As a black person, I find the propensity of white Americans to narrowly focus on "exceptional" blacks quite vexing. Understand, I'm an "exceptional" black myself. Once in high school, a friend and I were pulled out of class for an interview with a local news channel on being high achieving black students. I can't remember everything that was said. I do remember talking about how instead of being "exceptions" to the rule, my friend and I were the rule; we were representative of a legacy of black love of learning.
After the interview, my friend and I talked about how exciting it would be to be on TV. We wondered if they would actually even show the interview. We wondered how it would be edited. Then we realized: it was possible to edit the piece as though we were chastising our black classmates! We panicked! We went back and talked to our principal about our concerns.
Cause Shelby Steele aside, most high achieving blacks don't wanna be portrayed as apart from our community. Shear statistics are that despite racism, you will have blacks who come to great success apart from athletics and entertainment. That doesn't mean that racism doesn't exist. It should only serve as a gauge of what black folks might accomplish if it didn't.
. . . Perhaps that's the cause for the mainstream misperception. And so, read this NY Times op-ed piece by Brent Staples:
July 24, 2009
President Obama, Professor Gates and the Cambridge Police
By BRENT STAPLES
The American obsession with people who are said to transcend race began long before Barack Obama moved into the White House — long before he even thought about running for president. Affluent, well-educated black people were being appropriated as symbols of racial progress — and held up as proof that racism no longer mattered — back when Mr. Obama was still a youth in short pants.
White Americans have little experience with this brand of appropriation. In general, their personal and professional triumphs are viewed as the product of individual fortitude and evidence that the founding ideals of the nation are alive and well.
Successful African-Americans — whether they are sports stars, entertainers or politicians — are often accorded a more tortured significance. In addition to being held up as proof that racism has been extinguished, they are often employed as weapons in the age-old campaign to discredit, and even demean, the disadvantaged.
“Don’t talk to us about discrimination,” the argument typically goes. “You made it. If the others got off their behinds and tried, they would, too.” In this rhetoric of race, there is no such thing as social disadvantage, only hard-working, morally upright people who succeed, and lazy, morally defective people who do not.
Black Americans who find this line of argument appealing, along with the celebrity it brings them, typically end up trumpeting exceptionalism, playing down the significance of discrimination, and lecturing black people (nearly always in front of white audiences) to stop whining about racism and get on with it.
Mr. Obama has refused to play this role, even though people have tried to thrust it upon him. He has made clear all along that the election of the first African-American president, while noteworthy in a nation built on the backs of slaves, did not signal a sudden, magical end to discrimination.
He underscored this point again this week when he commented on the arrest in Cambridge, Mass., of the Harvard African-American scholar (and my longtime friend) Henry Louis Gates Jr. and about the tendency of police officers to target blacks and Hispanics for traffic stops.

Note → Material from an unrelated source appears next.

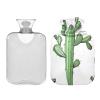 2 L Hot Water Bottle with Soft Velvet Cactus Flower Cover view 2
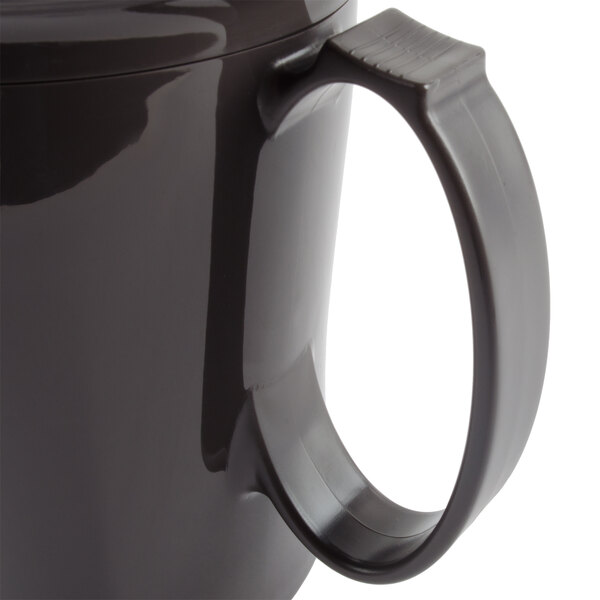 A black Cambro Harbor Collection insulated coffee mug with a handle.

These remarks could change how the news media sees the president’s views on race. Up to now, he has been consistently and wrongly portrayed as a stern black exceptionalist who takes Negroes to task for not meeting his standard.
He is not happy with this characterization. That was clear in a recent Oval Office interview with the columnist Eugene Robinson of The Washington Post. Mr. Obama complained about the press coverage of his speeches and seemed especially miffed about the portrayal of the one he delivered before the National Association for the Advancement of Colored People this month.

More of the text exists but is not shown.